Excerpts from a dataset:

★ ★ ★ ★ ★ ★ ★

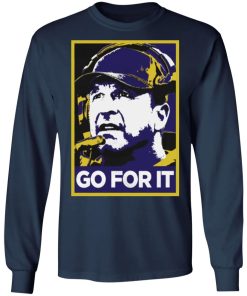 Go For It Shirt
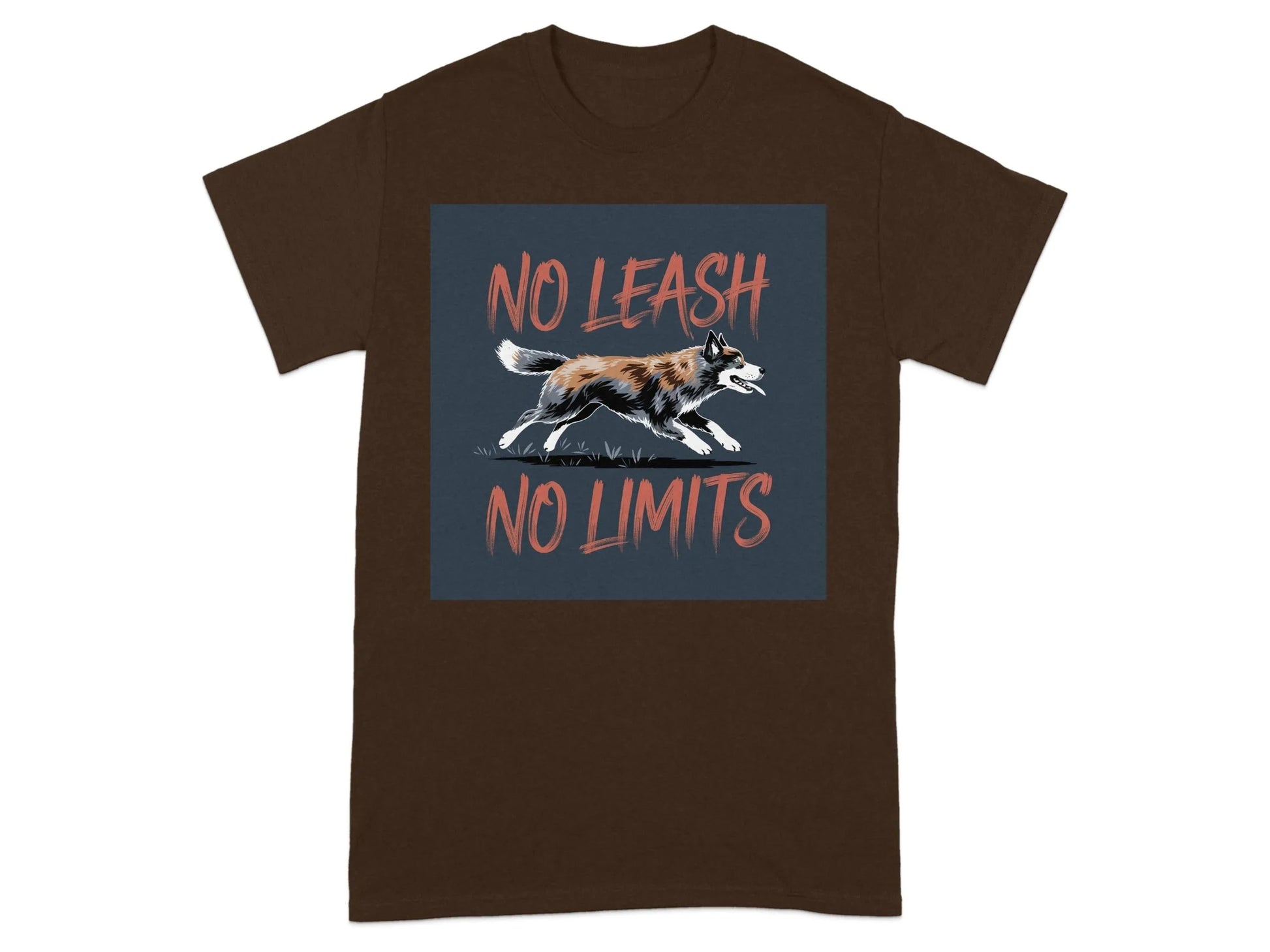 No Leash No Limits Motivational Dog Lovers T-Shirts Russet T-shirt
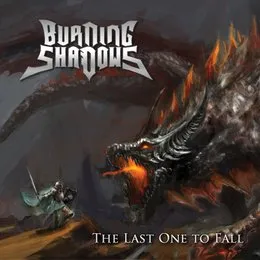 The Last One to Fall EP von Burning Shadows – Cover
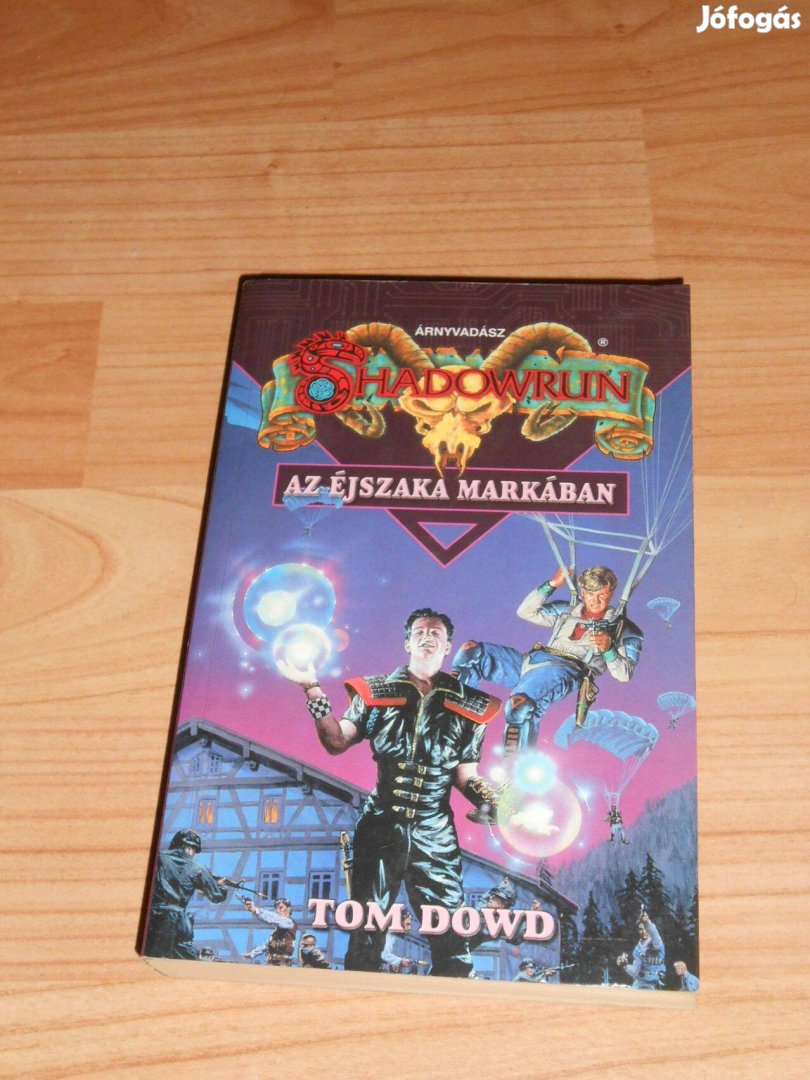 Tom Dowd: Az éjszaka markában - Shadowrun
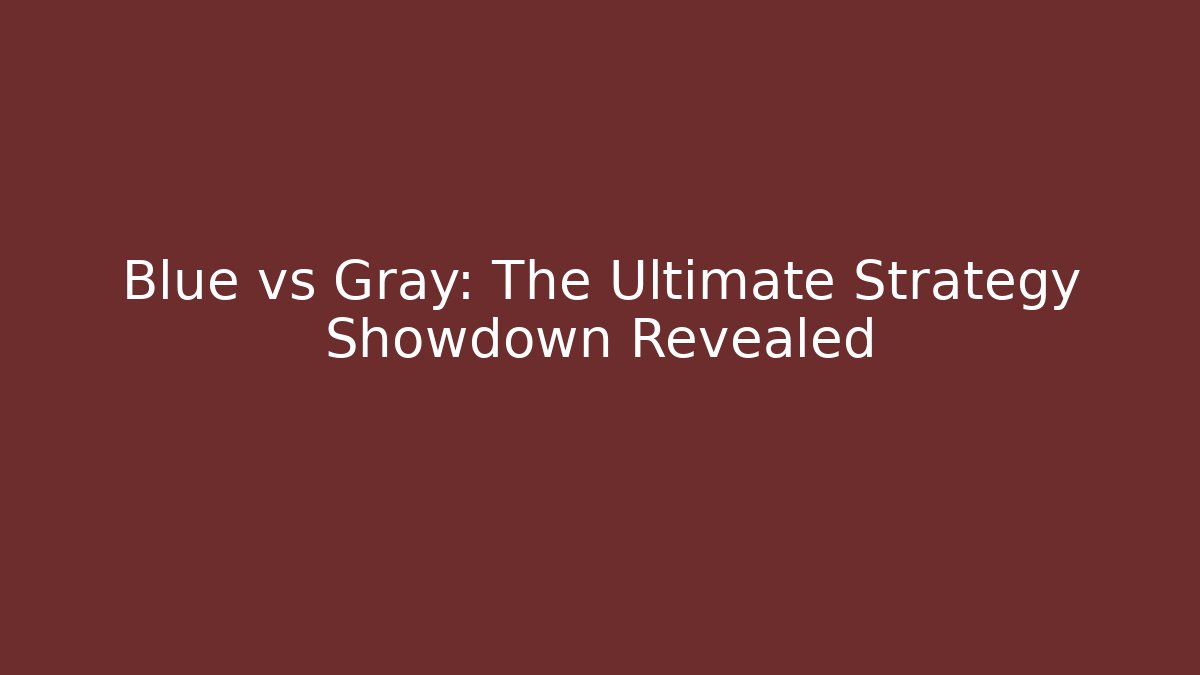 Blue vs Gray: The Ultimate Strategy Showdown Revealed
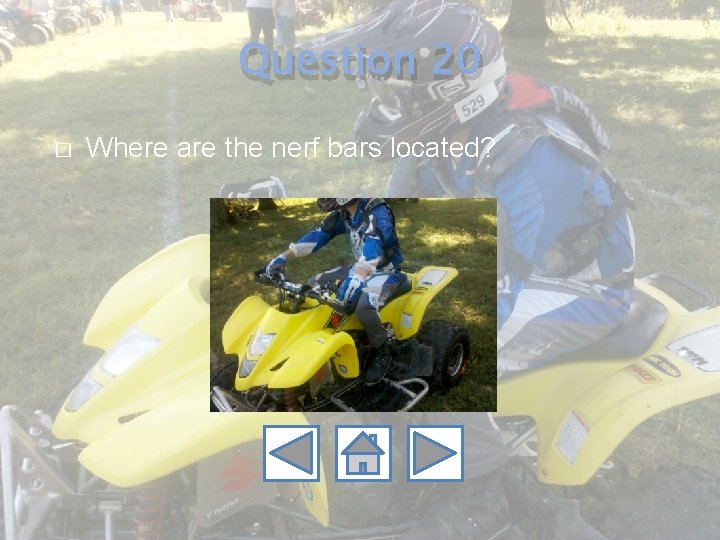 Question 20 � Where are the nerf bars located? 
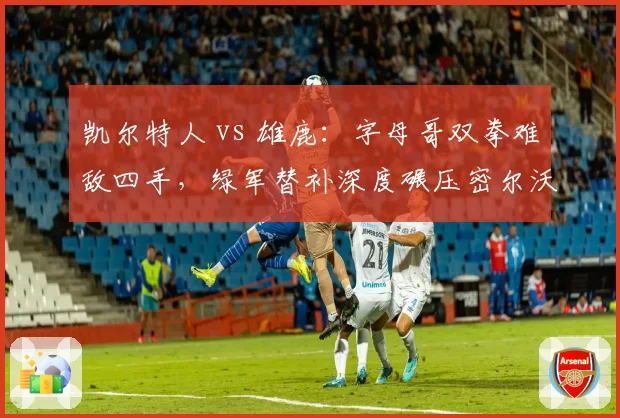凯尔特人 vs 雄鹿：字母哥双拳难敌四手，绿军替补深度碾压密尔沃基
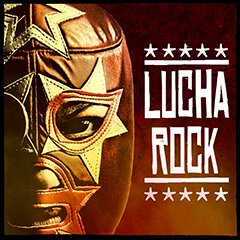 Album art for LUCHA ROCK.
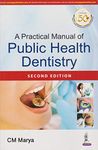 A Practical Manual of Public Health Dentistry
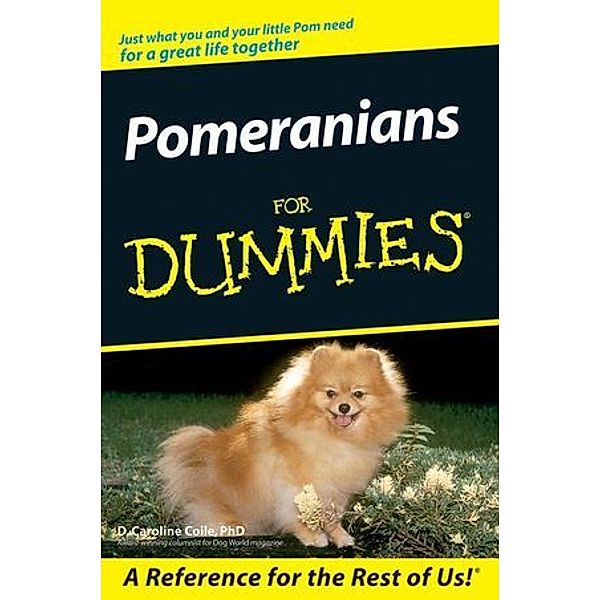 Pomeranians For Dummies, D. Caroline Coile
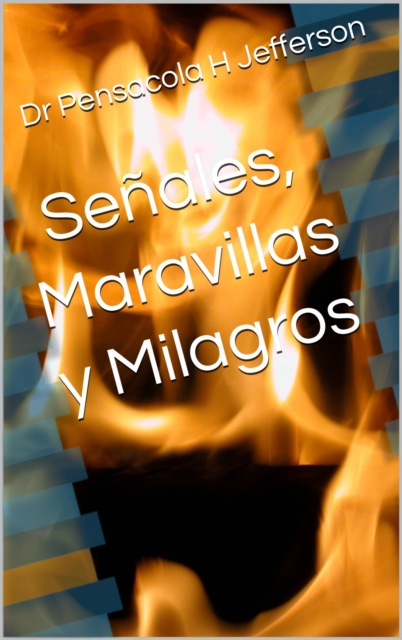 Señales, Maravillas y Milagros
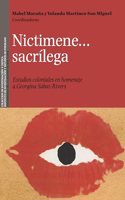 Nictimene...sacrilega: Estudios coloniales en homenaje a Georgina Sabat-Rivers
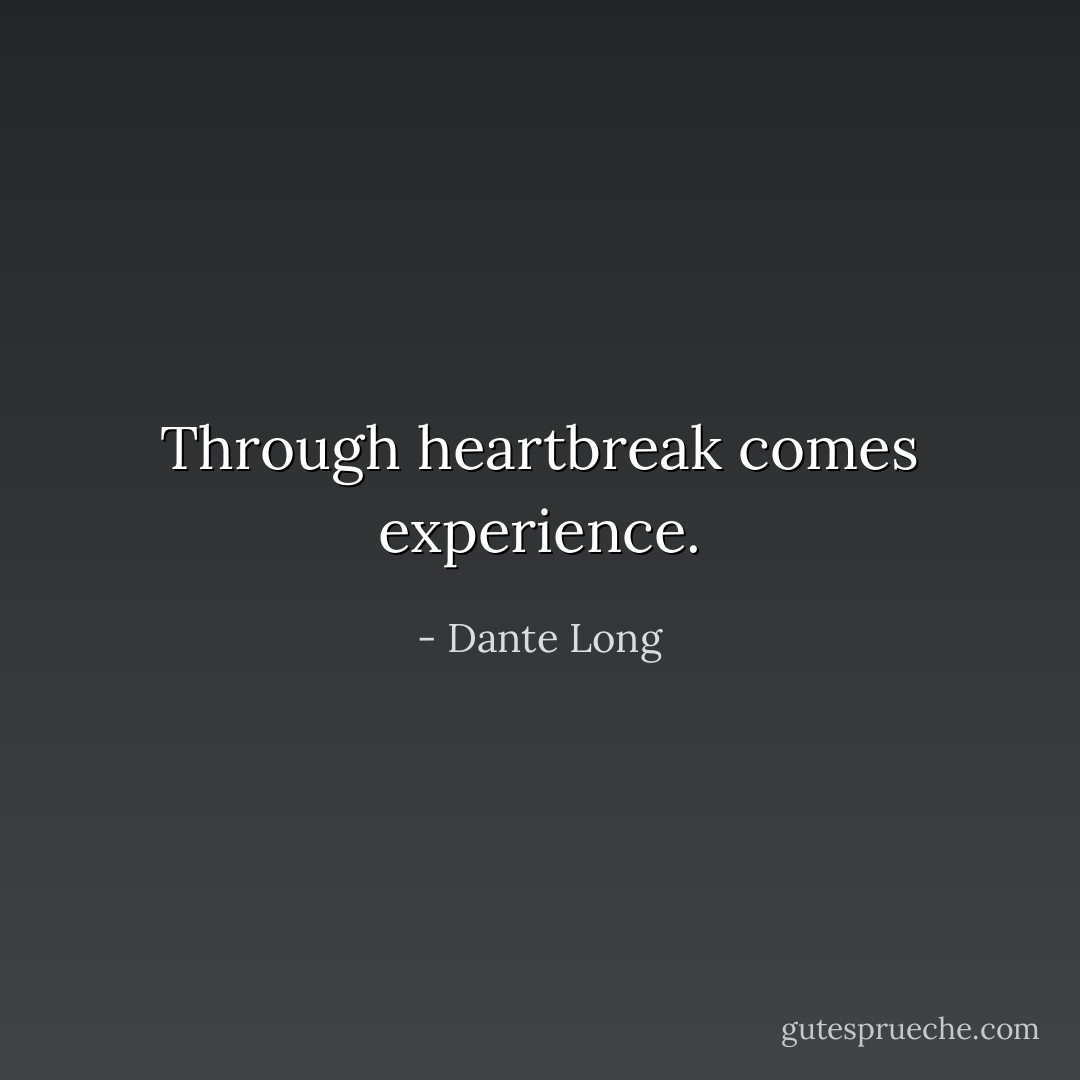 Through heartbreak comes experience. - Dante Long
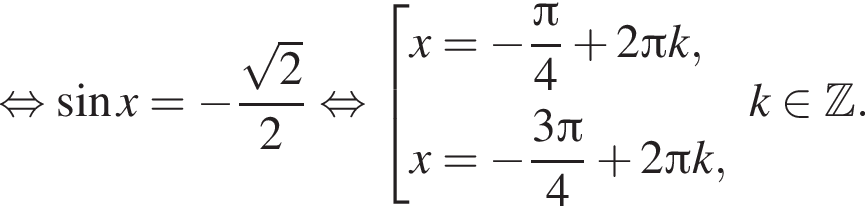 равносильно синус x= минус дробь: числитель: корень из 2 , знаменатель: 2 конец дроби равносильно совокупность выражений x= минус дробь: числитель: Пи , знаменатель: 4 конец дроби плюс 2 Пи k , x= минус дробь: числитель: 3 Пи , знаменатель: 4 конец дроби плюс 2 Пи k, конец совокупности . k принадлежит Z .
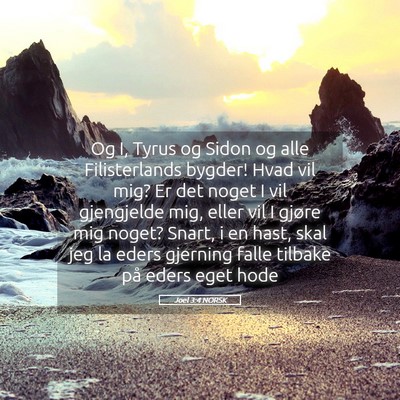 Picture 05 - Joel 3:4 NORSK - Og I, Tyrus og Sidon og alle Filisterlands - Bible Verse Picture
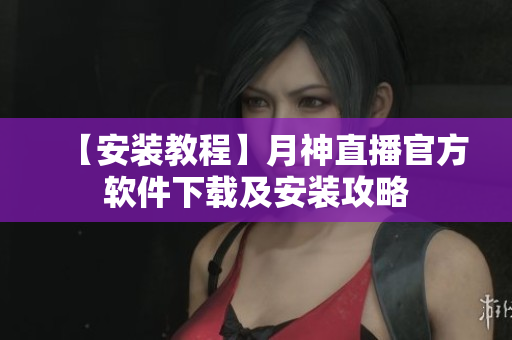 【安装教程】月神直播官方软件下载及安装攻略
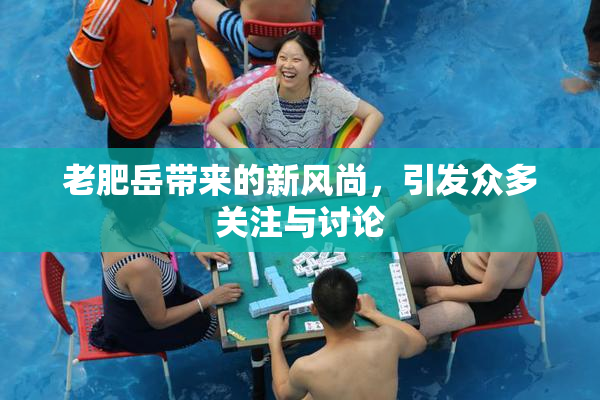 老肥岳带来的新风尚，引发众多关注与讨论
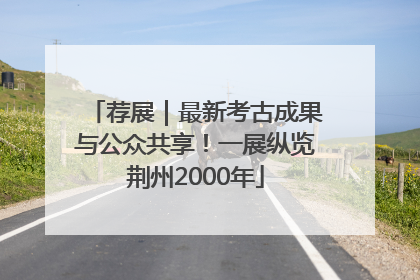 荐展｜最新考古成果与公众共享！一展纵览荆州2000年
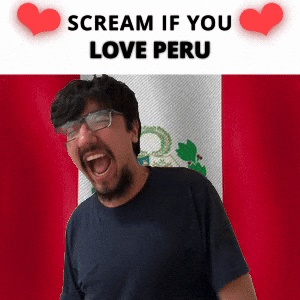 SCREAM IF YOU LOVE PERU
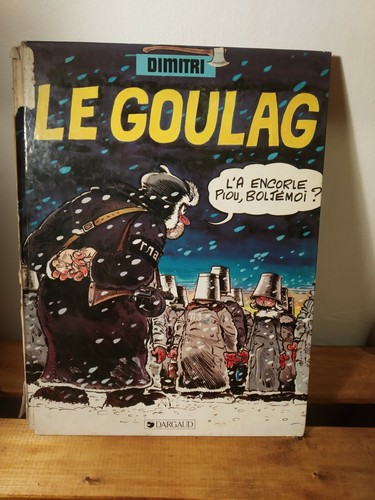 Goulag dimitri 1984 bd - le,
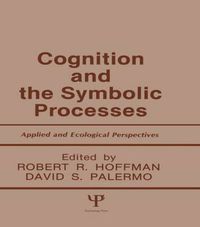 Cover image for Cognition and the Symbolic Processes: Applied and Ecological Perspectives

★ ★ ★ ★ ★ ★ ★

• **Task brief**: The records above must be output exactly, except for the pictures.

• **Your solution**:
 Go For It Shirt
 No Leash No Limits Motivational Dog Lovers T-Shirts Russet T-shirt
 The Last One to Fall EP von Burning Shadows – Cover
 Tom Dowd: Az éjszaka markában - Shadowrun
 Blue vs Gray: The Ultimate Strategy Showdown Revealed
 Question 20 � Where are the nerf bars located? 
凯尔特人 vs 雄鹿：字母哥双拳难敌四手，绿军替补深度碾压密尔沃基
 Album art for LUCHA ROCK.
 A Practical Manual of Public Health Dentistry
 Pomeranians For Dummies, D. Caroline Coile
 Señales, Maravillas y Milagros
 Nictimene...sacrilega: Estudios coloniales en homenaje a Georgina Sabat-Rivers
 Through heartbreak comes experience. - Dante Long
 равносильно синус x= минус дробь: числитель: корень из 2 , знаменатель: 2 конец дроби равносильно совокупность выражений x= минус дробь: числитель: Пи , знаменатель: 4 конец дроби плюс 2 Пи k , x= минус дробь: числитель: 3 Пи , знаменатель: 4 конец дроби плюс 2 Пи k, конец совокупности . k принадлежит Z .
 Picture 05 - Joel 3:4 NORSK - Og I, Tyrus og Sidon og alle Filisterlands - Bible Verse Picture
 【安装教程】月神直播官方软件下载及安装攻略
 老肥岳带来的新风尚，引发众多关注与讨论
 荐展｜最新考古成果与公众共享！一展纵览荆州2000年
 SCREAM IF YOU LOVE PERU
 Goulag dimitri 1984 bd - le,
 Cover image for Cognition and the Symbolic Processes: Applied and Ecological Perspectives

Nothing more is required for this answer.